At the end of the 18th century there was barely any American Jewish community to speak of. The entire Jewish population of America numbered no more than 3,000 (out of slightly fewer than four million). They were scattered around the various states north and south and most were Sephardic, of Spanish or Portuguese descent. As an almost immeasurably small minority, they also had no professional leaders or clergy. Instead, lay leaders took on those roles, men like Moses Seixas, the so-called “sexton” of the Newport Hebrew Congregation (later called the Touro Synagogue), whose letter of welcome was presented to the new president upon his arrival in town.
The congratulatory missive was filled with the usual pieties, sprinkled with references to biblical Israel and gratitude to God. But it also contained the acknowledgment that something brand new had just happened to the Jews.
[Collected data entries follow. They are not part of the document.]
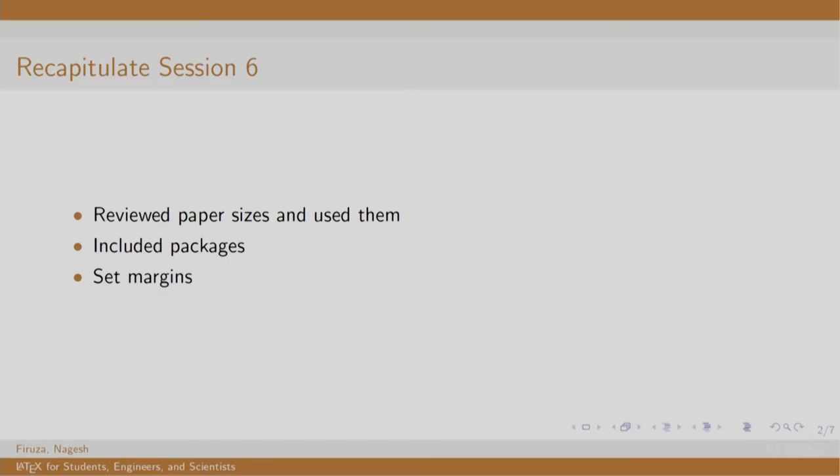Welcome back to the session on LaTeX. In this session, we shall recapitulate what we learnt in topic 2.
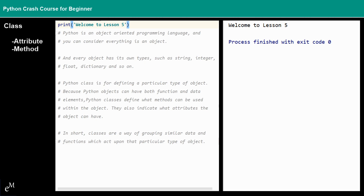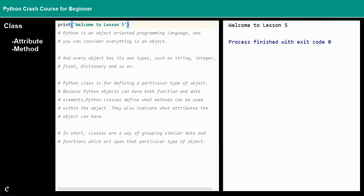And this is where classes come into play. In Python, classes are used to define a particular type of object, because Python objects can have both functions and data elements. Python classes define what methods or functions can be used within the objects, and classes also indicate what attributes — that is, the data elements — that the objects can have. In short, classes are a way of grouping similar data and functions which act upon that particular type of object.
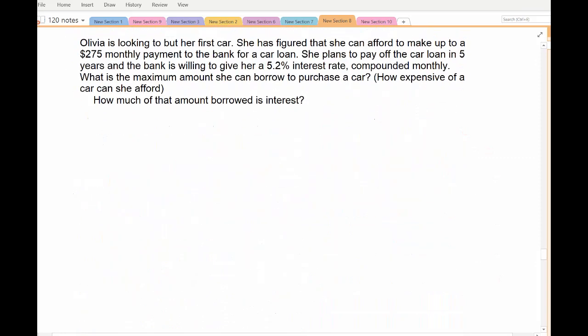Next example — and this is probably what you'll be doing more of besides college loans. Your first big loan will likely be a car loan. This example shows how much you can afford. Olivia has looked at her budget, figured out her earnings and expenses, and determined she can afford to make a $275 monthly payment on a car loan.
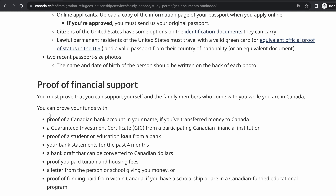There are several ways to show proof of funds based on what is shared on the Canadian immigration website. The first one is proof of a Canadian bank account in your name. If you've transferred money to Canada, you can open a bank account in Canada and transfer money into it. Check if it's possible to open an account from your country to transfer money into.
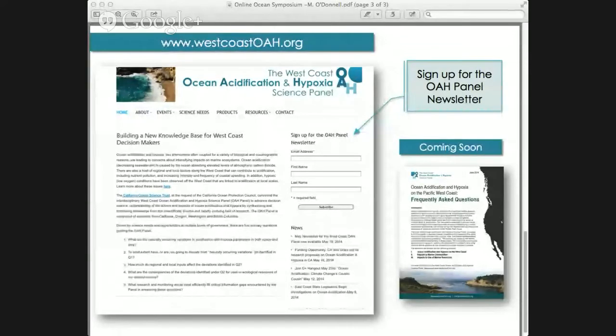Are they producing a frequently asked questions document? Yes — on the screen is the website for the West Coast Ocean Acidification and Hypoxia Panel. One of the first products we're producing is a frequently asked questions document. This is actually building on one that Sarah Cooley put together at the Woods Hole Oceanographic Institute, which answers the broader questions of what ocean acidification is and how it's affecting the oceans. Our document is very narrowly targeted on why ocean acidification and hypoxia are being treated together, and why the West Coast is a special place getting its own panel and attention. I encourage you to go to westcoastoah.org to learn more.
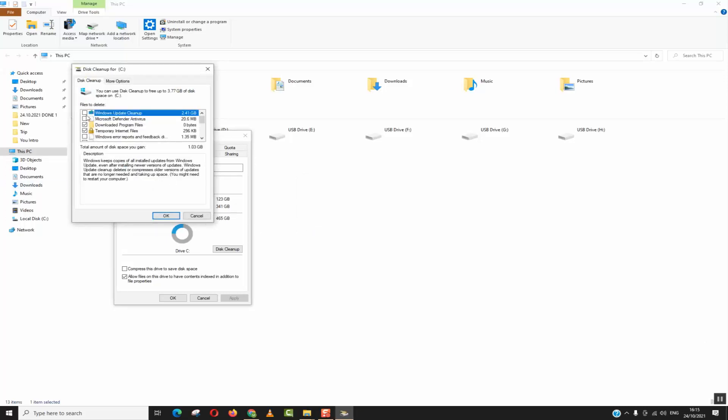Now as you can see everything has been loaded and I see that some windows update cleanup files are having 2.4 giga and there are additional files.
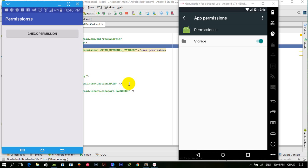In the next video we will start working on implementing these runtime permissions.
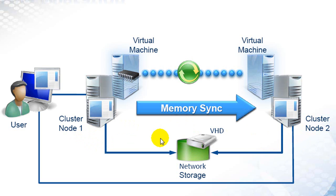When the two are completely in sync, node 1 goes offline, and the user is instantly connected to node 2 with no service interruption or perceived downtime.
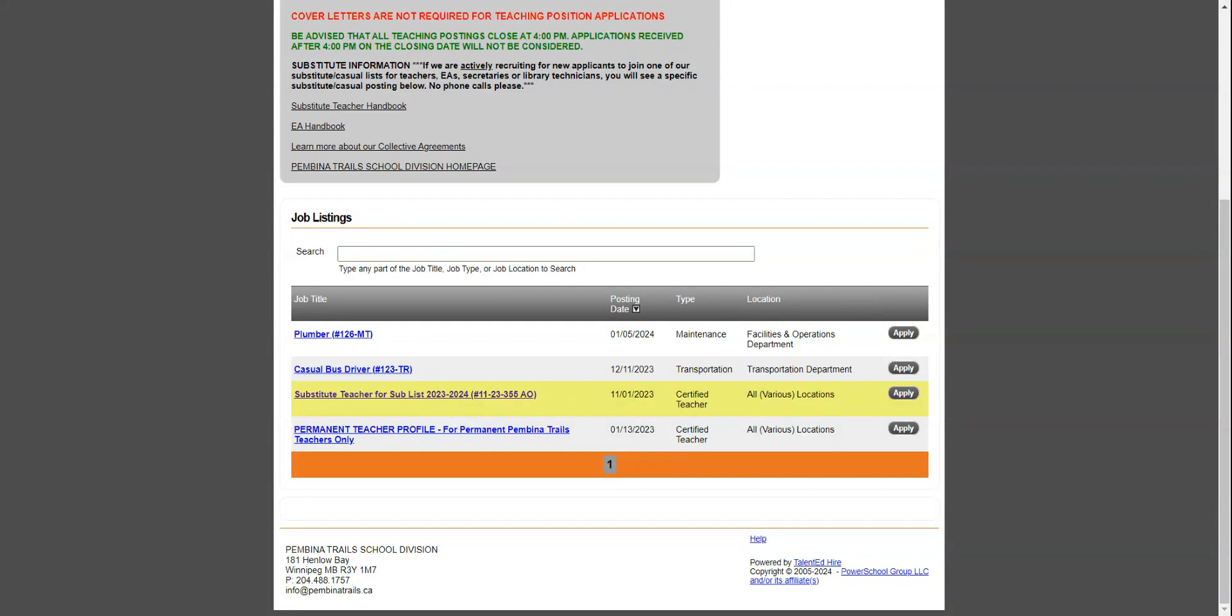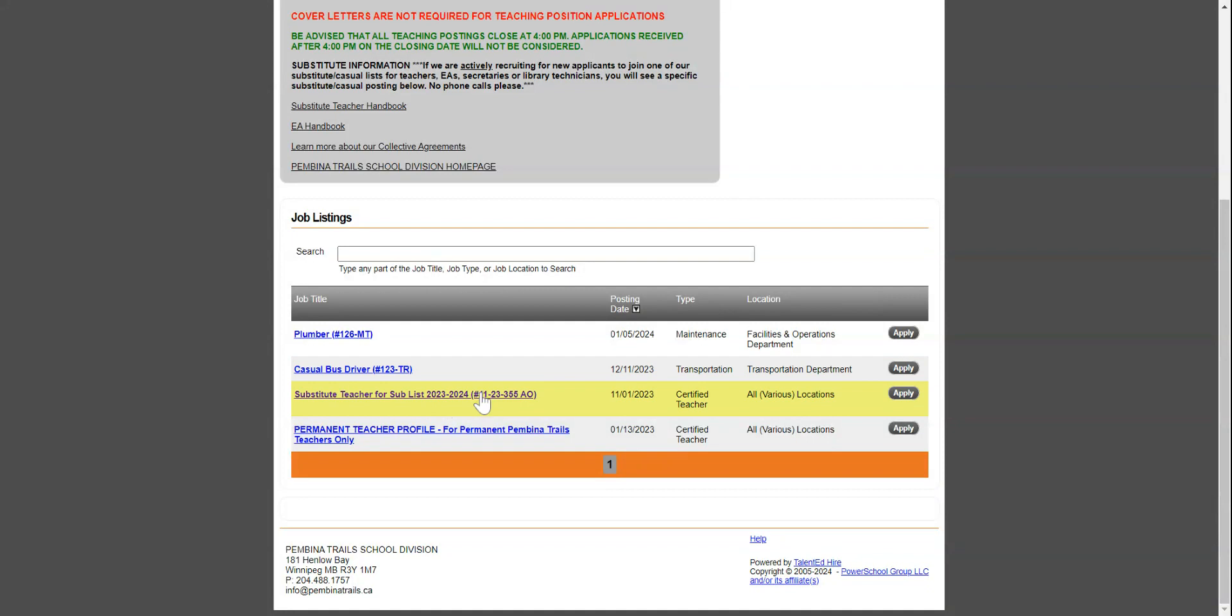A Criminal Record Check and Child Abuse Registry Check that has been done within the last year, the last 12 months, and a Respect in School or Commit to Kids Training Certificate. So you need to have all of these things on hand before you apply to that posting, which will again go up on March the 1st in a few months.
In this young republic they would be counted as equal citizens.
It read in part:
Sir,
Permit the children of the stock of Abraham to approach you with the most cordial affection and esteem for your person and merits — and to join with our fellow citizens in welcoming you to NewPort.
… Deprived as we heretofore have been of the invaluable rights of free Citizens, we now with a deep sense of gratitude to the Almighty disposer of all events behold a Government, erected by the Majesty of the People … generously affording to all Liberty of conscience, and immunities of Citizenship: — deeming every one, of whatever Nation, tongue, or language equal parts of the great governmental Machine….
A few weeks later the congregation received Washington’s reply:
Gentlemen:
… The citizens of the United States of America have a right to applaud themselves for having given to mankind examples of an enlarged and liberal policy — a policy worthy of imitation….
It is now no more that toleration is spoken of as if it were the indulgence of one class of people that another enjoyed the exercise of their inherent natural rights, for, happily, the Government of the United States, which gives to bigotry no sanction, to persecution no assistance, requires only that they who live under its protection should demean themselves as good citizens in giving it on all occasions their effectual support.
… May the children of the stock of Abraham who dwell in this land continue to merit and enjoy the good will of the other inhabitants—while every one shall sit in safety under his own vine and fig tree and there shall be none to make him afraid. …
— G. Washington
Before continuing with my praise of Washington, it's important to acknowledge that what he wrote was not entirely true. Not everyone in this land was equal. There was plenty of sanction for bigotry and assistance for persecution. Every evaluation of our history must pay attention to America's disastrous racial record.
That said, it is still possible to read these words with awe when we realize that this was the very first time in human history that a nation’s leader had said anything like this to Jews. Consider this: at about the same time that Washington was celebrating full Jewish citizenship in America, Russia was establishing its infamous Pale of Settlement. Further west in the German lands, France, and Great Britain, the so-called Emancipation of the Jews was creeping along at a snail’s pace, equality and citizenship still out of reach. Is it any wonder that Jews were attracted to this country?
In 1790 there was still some way to go before all American Jews enjoyed the full benefits of equality. Early federalism permitted continued discrimination by states even where the U.S. Constitution forbade it. But those barriers fell in short order and the Jewish community grew, even gaining some small influence in the halls of power. By 1840, when the Damascus Blood Libel Affair broke out, the American Jewish community successfully lobbied for U.S. intervention. By the Civil War American Jews successfully lobbied President Lincoln to reverse Gen. U.S. Grant's Jewish-focused crackdown on profiteering.
Happy Birthday to our great (if flawed) first president. May his letter to the Newport Jews inspire us to help spread the equality that we have enjoyed to all Americans.